In an older post I wrote about the deterioration of the pen department at Pearl Paint in Manhattan, and speculated on the whereabouts of the beloved “Pen Guy” who worked there. Yesterday another former Pearl Paint Pen Guy commented. Which got me thinking about my pens, and writing.

I used to write at the computer (and before computers, at the typewriter). I learned to do this in my first journalism class in college. A journalist is supposed to interview, make notes, and sit down to write the news story. I hope that’s still true. At some point I stopped writing at the keyboard. I don’t remember when, exactly. During the year I spent in Great Barrington, MA, I lived alone and worked free-lance from my apartment. I started going to cafes to write, partly to have social interaction.

Now I mostly I write in a notebook, away from the house. Later, I type what I wrote, print it out, and take it with my notebook the next time I write. I know people who write an entire draft longhand, then type, but I’ve never tried it.

I use a fountain pen, although I can also use other pens without my words falling apart.

Non-computer user Howard Waldrop has an occasional blog on the Small Beer Press web site. Here he talks about the fountain pens he uses.

I have three fountain pens: Parker (top), Rotring—the fun one (left), and Waterman—the nice one (right). I rarely use the Waterman, which is a mistake because it wants to be used. It’s a nice pen, and I’m afraid of losing it if I take it out. I did lose my Parker but replaced it via eBay. I bought the original Parker from the Pen Guy for $10. It was a closeout that he thought I needed (and he was right). The last time I remember having it was at the Flight Path Cafe in Austin, a day after the 2006 World Fantasy Convention, and a day before meeting Howard for coffee.

A wine rep who sells to the Emporium in Yellow Springs is also a collector of vintage fountain pens. He is unimpressed by my modern pens, even the Waterman. I’m interested in the more finely-crafted vintage instruments and might like to own one some day, but I’m happy with what I have.

World Fantasy Wrap-up

Anyone expecting a convention report from me during or even right after a convention should look at my never-quite-caught-up New York trip report here. Immediate reporting is not the forte of the department of laconic writing.

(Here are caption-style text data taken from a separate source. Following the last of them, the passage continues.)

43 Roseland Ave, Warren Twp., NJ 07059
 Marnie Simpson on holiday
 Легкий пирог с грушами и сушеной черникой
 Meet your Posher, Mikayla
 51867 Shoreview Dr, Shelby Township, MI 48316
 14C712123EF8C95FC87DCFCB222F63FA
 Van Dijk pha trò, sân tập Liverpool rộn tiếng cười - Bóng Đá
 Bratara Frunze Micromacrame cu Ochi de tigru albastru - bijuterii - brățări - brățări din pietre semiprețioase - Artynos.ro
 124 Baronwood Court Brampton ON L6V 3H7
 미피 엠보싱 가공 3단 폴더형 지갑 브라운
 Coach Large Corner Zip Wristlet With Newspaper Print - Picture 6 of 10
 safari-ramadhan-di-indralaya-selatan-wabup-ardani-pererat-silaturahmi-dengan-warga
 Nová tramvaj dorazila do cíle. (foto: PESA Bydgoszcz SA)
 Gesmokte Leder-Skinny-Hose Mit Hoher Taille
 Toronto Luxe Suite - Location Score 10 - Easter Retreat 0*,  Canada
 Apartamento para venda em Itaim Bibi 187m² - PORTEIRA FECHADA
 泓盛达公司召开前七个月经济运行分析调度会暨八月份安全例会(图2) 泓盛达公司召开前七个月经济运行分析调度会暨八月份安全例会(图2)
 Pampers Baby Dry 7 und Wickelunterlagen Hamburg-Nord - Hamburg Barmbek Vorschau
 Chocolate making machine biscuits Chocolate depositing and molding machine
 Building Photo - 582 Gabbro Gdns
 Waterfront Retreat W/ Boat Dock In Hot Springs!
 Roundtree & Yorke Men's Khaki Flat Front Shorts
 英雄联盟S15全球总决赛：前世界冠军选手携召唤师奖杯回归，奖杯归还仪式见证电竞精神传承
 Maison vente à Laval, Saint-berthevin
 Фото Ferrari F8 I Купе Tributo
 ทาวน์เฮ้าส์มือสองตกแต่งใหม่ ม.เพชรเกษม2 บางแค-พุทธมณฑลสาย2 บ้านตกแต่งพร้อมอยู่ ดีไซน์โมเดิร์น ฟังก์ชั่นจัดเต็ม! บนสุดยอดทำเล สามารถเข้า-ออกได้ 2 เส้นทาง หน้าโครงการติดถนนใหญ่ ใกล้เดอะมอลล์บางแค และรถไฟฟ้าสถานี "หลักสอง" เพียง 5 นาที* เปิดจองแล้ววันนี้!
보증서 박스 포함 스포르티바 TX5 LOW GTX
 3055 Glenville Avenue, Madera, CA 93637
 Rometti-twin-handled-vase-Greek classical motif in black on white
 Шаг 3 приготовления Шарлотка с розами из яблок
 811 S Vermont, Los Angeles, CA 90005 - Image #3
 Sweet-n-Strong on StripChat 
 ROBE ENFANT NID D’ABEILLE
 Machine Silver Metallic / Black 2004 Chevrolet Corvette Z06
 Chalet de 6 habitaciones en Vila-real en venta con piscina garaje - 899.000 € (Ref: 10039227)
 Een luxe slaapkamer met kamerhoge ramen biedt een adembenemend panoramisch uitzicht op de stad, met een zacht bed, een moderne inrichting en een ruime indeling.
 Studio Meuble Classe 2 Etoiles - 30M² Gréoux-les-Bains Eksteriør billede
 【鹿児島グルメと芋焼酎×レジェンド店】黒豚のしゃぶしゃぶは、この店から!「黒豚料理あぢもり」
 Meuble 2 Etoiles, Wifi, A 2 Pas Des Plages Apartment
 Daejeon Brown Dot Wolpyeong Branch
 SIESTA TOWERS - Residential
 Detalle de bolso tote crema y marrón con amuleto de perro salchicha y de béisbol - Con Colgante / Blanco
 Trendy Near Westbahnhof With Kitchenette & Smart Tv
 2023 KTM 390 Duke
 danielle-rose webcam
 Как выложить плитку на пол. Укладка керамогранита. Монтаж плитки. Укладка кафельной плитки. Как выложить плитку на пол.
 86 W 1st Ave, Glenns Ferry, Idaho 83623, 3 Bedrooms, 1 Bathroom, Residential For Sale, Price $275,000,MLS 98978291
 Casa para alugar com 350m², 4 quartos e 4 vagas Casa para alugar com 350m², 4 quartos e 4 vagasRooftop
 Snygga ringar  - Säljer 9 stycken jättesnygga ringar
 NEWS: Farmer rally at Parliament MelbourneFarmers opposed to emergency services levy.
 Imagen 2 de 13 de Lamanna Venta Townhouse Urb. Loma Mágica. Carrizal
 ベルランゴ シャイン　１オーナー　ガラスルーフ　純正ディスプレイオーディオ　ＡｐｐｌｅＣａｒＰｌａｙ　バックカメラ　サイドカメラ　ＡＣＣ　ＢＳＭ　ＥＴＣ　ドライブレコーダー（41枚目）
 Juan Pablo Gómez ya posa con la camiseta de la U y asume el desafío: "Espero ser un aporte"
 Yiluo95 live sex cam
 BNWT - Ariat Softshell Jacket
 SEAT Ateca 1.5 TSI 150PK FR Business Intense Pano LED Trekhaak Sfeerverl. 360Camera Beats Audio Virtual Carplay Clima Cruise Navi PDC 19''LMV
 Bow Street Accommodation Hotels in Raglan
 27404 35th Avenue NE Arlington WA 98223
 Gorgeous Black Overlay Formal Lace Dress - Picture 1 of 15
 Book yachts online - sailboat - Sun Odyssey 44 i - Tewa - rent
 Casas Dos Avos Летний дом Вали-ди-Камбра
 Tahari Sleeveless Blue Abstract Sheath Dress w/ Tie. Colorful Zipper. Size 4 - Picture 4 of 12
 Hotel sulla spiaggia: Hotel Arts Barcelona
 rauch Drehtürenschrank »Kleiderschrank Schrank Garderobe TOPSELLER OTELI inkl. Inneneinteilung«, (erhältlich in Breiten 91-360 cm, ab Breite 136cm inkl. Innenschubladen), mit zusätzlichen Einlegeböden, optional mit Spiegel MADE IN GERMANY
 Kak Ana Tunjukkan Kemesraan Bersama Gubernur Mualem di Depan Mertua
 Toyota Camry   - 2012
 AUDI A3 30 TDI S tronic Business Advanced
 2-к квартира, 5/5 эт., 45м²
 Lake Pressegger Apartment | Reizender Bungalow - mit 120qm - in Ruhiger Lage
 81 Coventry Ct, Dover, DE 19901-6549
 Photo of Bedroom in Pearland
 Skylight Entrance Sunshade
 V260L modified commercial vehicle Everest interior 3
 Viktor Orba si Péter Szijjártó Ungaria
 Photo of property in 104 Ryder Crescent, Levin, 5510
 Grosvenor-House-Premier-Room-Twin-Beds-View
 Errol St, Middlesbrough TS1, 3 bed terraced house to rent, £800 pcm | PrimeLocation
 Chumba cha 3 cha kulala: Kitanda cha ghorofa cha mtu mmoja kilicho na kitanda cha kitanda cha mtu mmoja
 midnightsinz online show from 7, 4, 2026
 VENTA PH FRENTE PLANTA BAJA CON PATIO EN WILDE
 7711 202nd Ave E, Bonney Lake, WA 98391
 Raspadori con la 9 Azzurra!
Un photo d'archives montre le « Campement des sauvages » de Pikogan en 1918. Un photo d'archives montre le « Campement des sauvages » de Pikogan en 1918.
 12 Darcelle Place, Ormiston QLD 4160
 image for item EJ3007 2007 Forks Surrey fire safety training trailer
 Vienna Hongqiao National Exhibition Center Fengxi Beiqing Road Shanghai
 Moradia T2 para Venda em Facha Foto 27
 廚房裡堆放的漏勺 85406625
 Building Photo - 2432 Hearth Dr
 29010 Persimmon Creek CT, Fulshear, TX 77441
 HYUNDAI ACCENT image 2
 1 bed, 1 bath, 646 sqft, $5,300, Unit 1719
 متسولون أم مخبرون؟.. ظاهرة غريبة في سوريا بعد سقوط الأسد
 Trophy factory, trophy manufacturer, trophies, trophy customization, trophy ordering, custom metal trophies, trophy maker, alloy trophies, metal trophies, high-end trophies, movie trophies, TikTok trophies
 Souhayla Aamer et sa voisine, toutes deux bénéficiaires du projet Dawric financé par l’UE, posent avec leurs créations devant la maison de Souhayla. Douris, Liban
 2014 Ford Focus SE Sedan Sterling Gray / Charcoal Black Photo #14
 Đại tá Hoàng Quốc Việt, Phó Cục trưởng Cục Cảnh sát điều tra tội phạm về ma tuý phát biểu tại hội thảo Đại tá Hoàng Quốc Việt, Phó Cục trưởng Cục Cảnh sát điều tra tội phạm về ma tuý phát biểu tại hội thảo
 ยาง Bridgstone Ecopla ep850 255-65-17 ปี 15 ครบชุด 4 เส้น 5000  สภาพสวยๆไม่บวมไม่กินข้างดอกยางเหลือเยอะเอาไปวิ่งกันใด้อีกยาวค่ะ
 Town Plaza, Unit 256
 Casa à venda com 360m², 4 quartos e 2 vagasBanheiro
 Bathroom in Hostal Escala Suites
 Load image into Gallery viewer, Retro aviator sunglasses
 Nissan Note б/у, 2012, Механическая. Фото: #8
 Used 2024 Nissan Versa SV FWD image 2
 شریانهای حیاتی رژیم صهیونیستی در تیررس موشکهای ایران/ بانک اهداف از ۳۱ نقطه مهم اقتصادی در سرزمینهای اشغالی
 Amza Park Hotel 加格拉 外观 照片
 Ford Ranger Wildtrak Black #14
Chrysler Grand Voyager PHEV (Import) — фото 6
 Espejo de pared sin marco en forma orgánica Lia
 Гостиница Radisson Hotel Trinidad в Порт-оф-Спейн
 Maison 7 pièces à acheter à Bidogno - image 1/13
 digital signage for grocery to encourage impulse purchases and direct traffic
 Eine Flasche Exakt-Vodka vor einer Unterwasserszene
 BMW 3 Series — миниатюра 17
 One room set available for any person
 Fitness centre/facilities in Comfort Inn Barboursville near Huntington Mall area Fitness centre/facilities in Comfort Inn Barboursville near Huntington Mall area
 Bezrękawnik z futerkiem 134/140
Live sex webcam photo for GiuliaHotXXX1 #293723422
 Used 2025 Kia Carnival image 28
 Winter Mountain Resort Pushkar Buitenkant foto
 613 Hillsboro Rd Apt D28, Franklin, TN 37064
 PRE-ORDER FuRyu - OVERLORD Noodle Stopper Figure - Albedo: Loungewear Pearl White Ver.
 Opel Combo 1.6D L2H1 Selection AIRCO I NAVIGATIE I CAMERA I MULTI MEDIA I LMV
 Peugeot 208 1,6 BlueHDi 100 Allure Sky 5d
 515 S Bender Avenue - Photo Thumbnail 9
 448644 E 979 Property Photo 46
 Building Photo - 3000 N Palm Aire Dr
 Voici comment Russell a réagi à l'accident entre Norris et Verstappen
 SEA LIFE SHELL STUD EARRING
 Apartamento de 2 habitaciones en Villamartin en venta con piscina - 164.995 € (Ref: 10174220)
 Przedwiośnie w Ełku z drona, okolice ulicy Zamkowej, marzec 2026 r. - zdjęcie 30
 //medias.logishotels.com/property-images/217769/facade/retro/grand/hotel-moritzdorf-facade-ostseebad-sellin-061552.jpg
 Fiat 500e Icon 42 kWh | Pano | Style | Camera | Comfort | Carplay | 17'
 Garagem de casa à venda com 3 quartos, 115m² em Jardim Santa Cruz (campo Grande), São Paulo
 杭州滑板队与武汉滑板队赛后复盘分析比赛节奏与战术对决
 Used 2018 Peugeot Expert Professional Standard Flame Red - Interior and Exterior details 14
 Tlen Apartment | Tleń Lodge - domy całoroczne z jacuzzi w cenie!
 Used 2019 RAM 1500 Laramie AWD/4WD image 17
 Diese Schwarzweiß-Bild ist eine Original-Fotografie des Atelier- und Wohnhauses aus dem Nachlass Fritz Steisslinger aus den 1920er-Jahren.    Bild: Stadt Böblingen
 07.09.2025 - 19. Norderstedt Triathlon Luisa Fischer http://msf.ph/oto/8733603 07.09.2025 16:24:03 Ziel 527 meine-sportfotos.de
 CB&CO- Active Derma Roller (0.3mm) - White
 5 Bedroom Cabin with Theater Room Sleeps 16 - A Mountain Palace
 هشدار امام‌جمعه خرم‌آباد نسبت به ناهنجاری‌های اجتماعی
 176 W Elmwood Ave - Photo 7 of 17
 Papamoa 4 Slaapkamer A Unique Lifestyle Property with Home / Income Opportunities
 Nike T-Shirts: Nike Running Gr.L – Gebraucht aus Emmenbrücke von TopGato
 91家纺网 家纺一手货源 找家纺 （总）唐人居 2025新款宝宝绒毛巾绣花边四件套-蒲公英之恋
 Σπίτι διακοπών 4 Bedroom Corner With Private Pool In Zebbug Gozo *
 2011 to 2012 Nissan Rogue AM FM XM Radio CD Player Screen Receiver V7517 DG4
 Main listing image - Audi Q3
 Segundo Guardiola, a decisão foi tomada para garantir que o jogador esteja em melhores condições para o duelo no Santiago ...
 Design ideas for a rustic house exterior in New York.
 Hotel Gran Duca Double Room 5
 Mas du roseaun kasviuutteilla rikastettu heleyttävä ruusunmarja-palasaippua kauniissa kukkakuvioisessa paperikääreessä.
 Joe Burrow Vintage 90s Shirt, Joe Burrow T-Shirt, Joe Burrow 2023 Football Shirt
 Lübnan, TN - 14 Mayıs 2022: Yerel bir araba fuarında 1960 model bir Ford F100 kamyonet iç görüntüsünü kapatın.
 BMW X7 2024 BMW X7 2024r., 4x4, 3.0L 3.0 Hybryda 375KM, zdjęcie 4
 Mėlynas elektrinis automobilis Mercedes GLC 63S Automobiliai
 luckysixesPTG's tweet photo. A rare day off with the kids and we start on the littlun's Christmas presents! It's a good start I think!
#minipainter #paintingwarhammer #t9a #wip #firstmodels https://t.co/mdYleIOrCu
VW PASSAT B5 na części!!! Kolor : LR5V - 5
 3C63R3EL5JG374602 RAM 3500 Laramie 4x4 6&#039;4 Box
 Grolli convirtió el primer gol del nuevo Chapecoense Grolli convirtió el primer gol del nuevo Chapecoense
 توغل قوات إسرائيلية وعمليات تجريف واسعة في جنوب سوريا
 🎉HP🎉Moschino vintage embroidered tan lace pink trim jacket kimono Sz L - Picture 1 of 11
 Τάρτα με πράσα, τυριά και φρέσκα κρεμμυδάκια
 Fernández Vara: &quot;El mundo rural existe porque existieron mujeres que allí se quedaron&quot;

I’m still trying to figure out what to say about J.G. Ballard’s death in April.

World Fantasy 2009 PR 2_FINAL_WEB

I hadn’t been to World Fantasy in three years. It’s a convention that I always enjoy, but this year’s felt larger and less comfortable than I remembered, maybe because the hotel floor that housed the events was a confusing labyrinth, and also because my getting there was difficult and I never felt caught up on sleep.  There were people I knew would be there and had even communicated with ahead of time, but never saw them.  But I did see a lot of old friends, including people from my Clarion West ’97 class, with whom I can always slip into easy familiarity. As usual, I spent much of my time sitting around talking to people about writing.

The highlight was meeting Zoran Zivkovic in person, after having corresponded via email for several years. I also got to meet Jill Roberts, from Tachyon, for whom I did interior design and layout for Carol Emshwiller’s novel, The Secret City.

The book bag contained some gems, including Leigh Brackett’s Sword of Rhiannon (which was the perfect read for the long flight home), and Tom Disch’s The Wall of America and The Word of God, from Tachyon. And some less desired objects, which I donated to the discard table.

My only scheduled event was a reading Friday morning. I read from The Painting and the City, a shorter version what I’ve been reading. I missed having Brady’s guitar-playing, but maybe next year in Columbus he can accompany me.

My friend Ben, from Texas, who’s now living in San Francisco and whom I hadn’t seen in five years, came over to San Jose for the evening on Friday; we had mediocre fish and chips with jazz combo at a place near the hotel. There was a small Vietnamese neighborhood a few blocks away with several excellent restaurants, which I unfortunately didn’t discover till Saturday afternoon.

And next year’s World Fantasy is an hour’s drive from my house.